> _DATA FOR PROCESSING_:

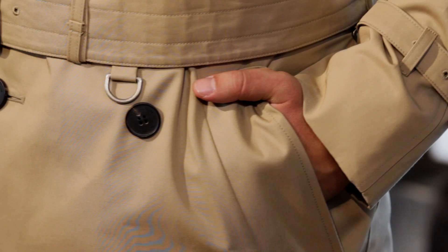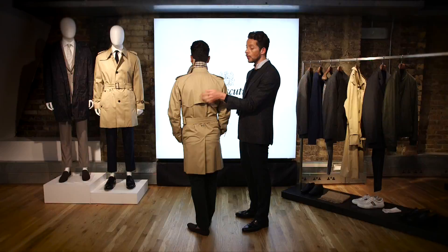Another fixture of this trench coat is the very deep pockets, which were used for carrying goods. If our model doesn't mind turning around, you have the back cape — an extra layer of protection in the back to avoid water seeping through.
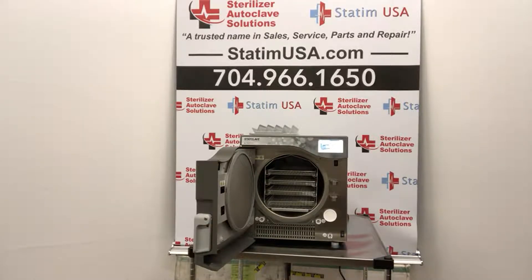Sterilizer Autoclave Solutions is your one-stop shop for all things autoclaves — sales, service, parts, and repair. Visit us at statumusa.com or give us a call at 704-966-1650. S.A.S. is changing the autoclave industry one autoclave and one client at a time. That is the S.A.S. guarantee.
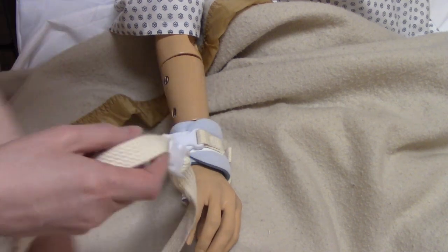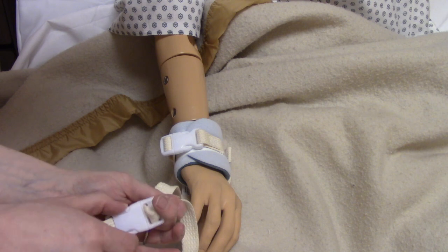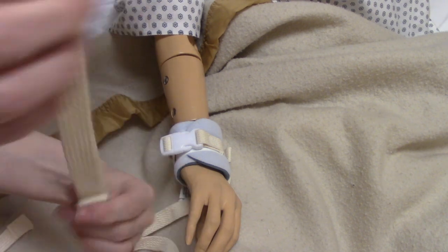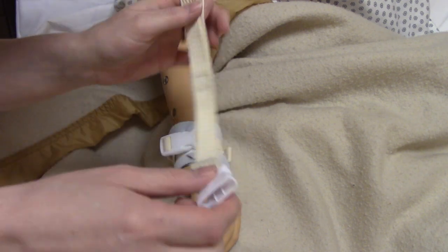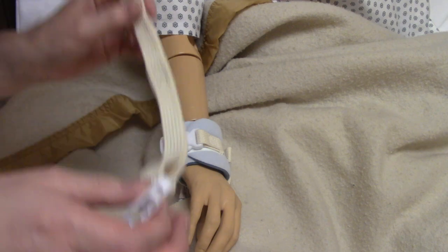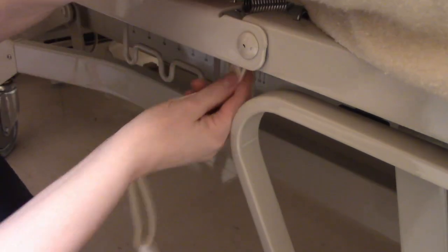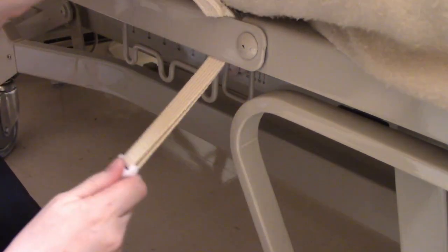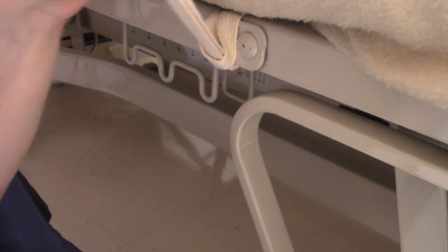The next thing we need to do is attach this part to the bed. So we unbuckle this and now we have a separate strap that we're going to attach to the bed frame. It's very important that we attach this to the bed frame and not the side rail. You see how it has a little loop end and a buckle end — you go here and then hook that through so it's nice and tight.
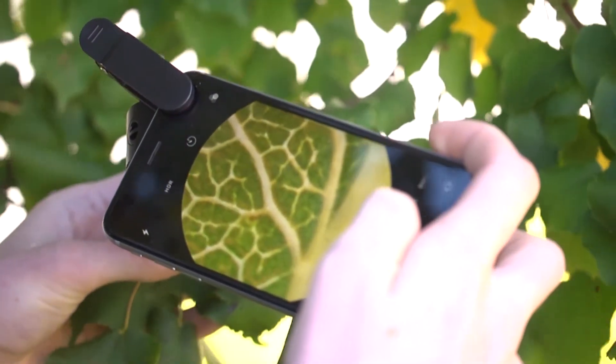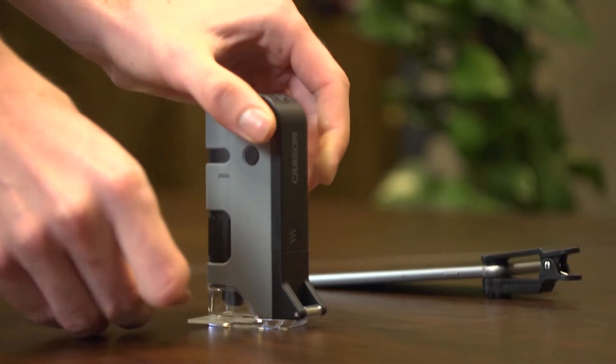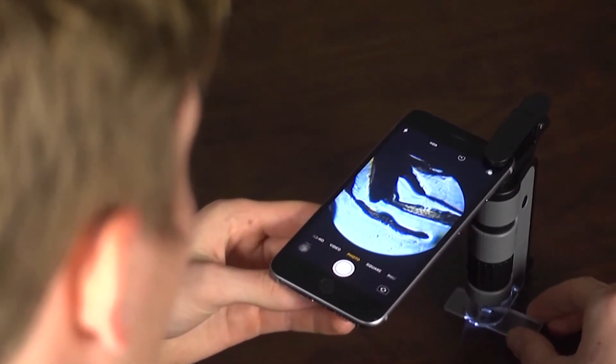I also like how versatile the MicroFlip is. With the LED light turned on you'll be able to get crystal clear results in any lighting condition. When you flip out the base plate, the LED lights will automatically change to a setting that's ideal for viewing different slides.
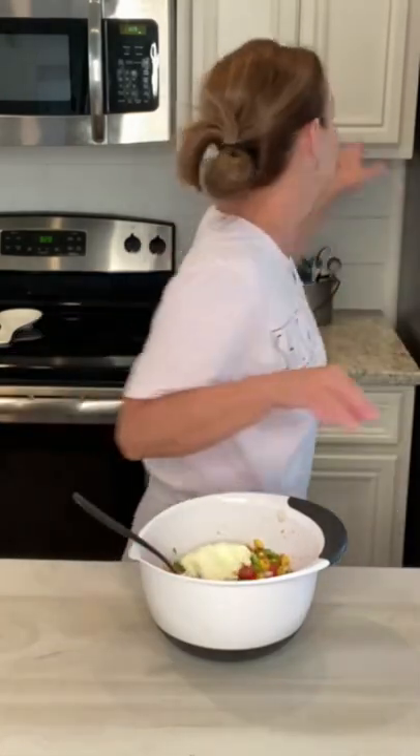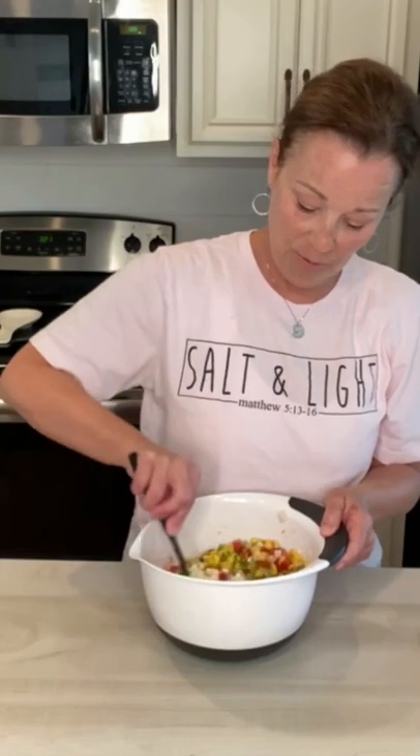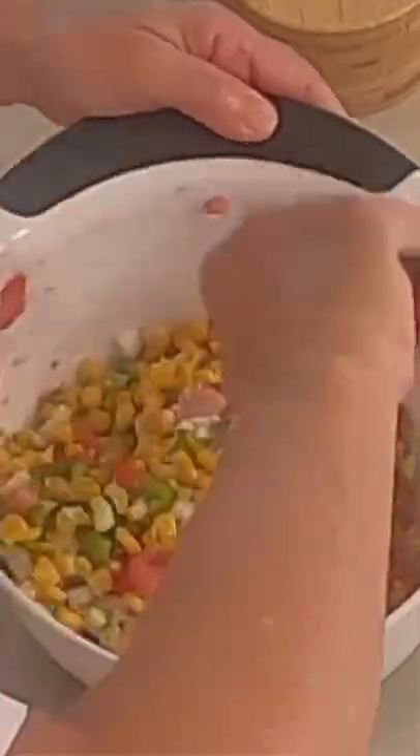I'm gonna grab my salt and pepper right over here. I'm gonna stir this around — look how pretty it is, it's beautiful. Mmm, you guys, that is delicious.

...

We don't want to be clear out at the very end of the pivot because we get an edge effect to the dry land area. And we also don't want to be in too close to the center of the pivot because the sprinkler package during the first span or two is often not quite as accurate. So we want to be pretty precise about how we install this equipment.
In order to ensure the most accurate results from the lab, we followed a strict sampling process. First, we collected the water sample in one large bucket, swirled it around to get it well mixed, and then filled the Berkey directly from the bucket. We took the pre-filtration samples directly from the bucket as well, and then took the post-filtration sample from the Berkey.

> _WORK REQUEST_:
Every line above in the stretch from the one with "I also like" through the one with "I'm gonna grab" is to be transcribed exactly, ends included. No picture is copied.

> _RESULT_:
I also like how versatile the MicroFlip is. With the LED light turned on you'll be able to get crystal clear results in any lighting condition. When you flip out the base plate, the LED lights will automatically change to a setting that's ideal for viewing different slides.
I'm gonna grab my salt and pepper right over here. I'm gonna stir this around — look how pretty it is, it's beautiful. Mmm, you guys, that is delicious.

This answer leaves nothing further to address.